On any other day, a $920 million monthly commitment to a single compute arrangement would dominate the conversation about AI capital expenditure. Today it is a footnote. For Nvidia, it reinforces the durability of its revenue outlook. For Alphabet, it signals strategic conviction — and a willingness to pay a premium to stay competitive at the frontier of large language model development. The market will return to this data point once the macro fog clears.
The Afternoon Setup
The afternoon session offers limited scheduled catalysts that could shift the current narrative. The primary variables remain the same ones that opened the day: any further developments in U.S.-Iran tensions, and whether Fed officials choose to address the CPI print publicly. A hawkish response from any Fed speaker — or silence interpreted as tacit acceptance of a higher-for-longer posture — would likely extend pressure on equities and keep Treasury yields elevated.
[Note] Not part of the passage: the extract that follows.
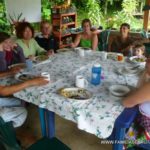 Un voluntariado en familia en finca La Flor del Paraíso de Costa Rica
Energy markets deserve close attention. Oil's move higher on the Iran news reflects the market's assessment of supply risk through the Middle East corridor, and that risk does not resolve quickly. Defense-sector names may continue to attract flows as a partial hedge against further escalation.
The next significant scheduled test for the AI trade is Oracle (ORCL) fiscal fourth-quarter earnings, which are on the horizon after today's close. Given the TSMC result and the Alphabet compute disclosure, Oracle's cloud and AI infrastructure revenue will be scrutinized for additional confirmation that enterprise AI spending is holding up despite the broader market turbulence.
For now, the session's defining characteristic is the absence of any counterweight to the morning's twin shocks. The bears hold the narrative, the macro data supports their case, and the geopolitical situation provides no near-term resolution. The afternoon will most likely be a continuation rather than a reversal — unless something changes in Tehran or at the Fed.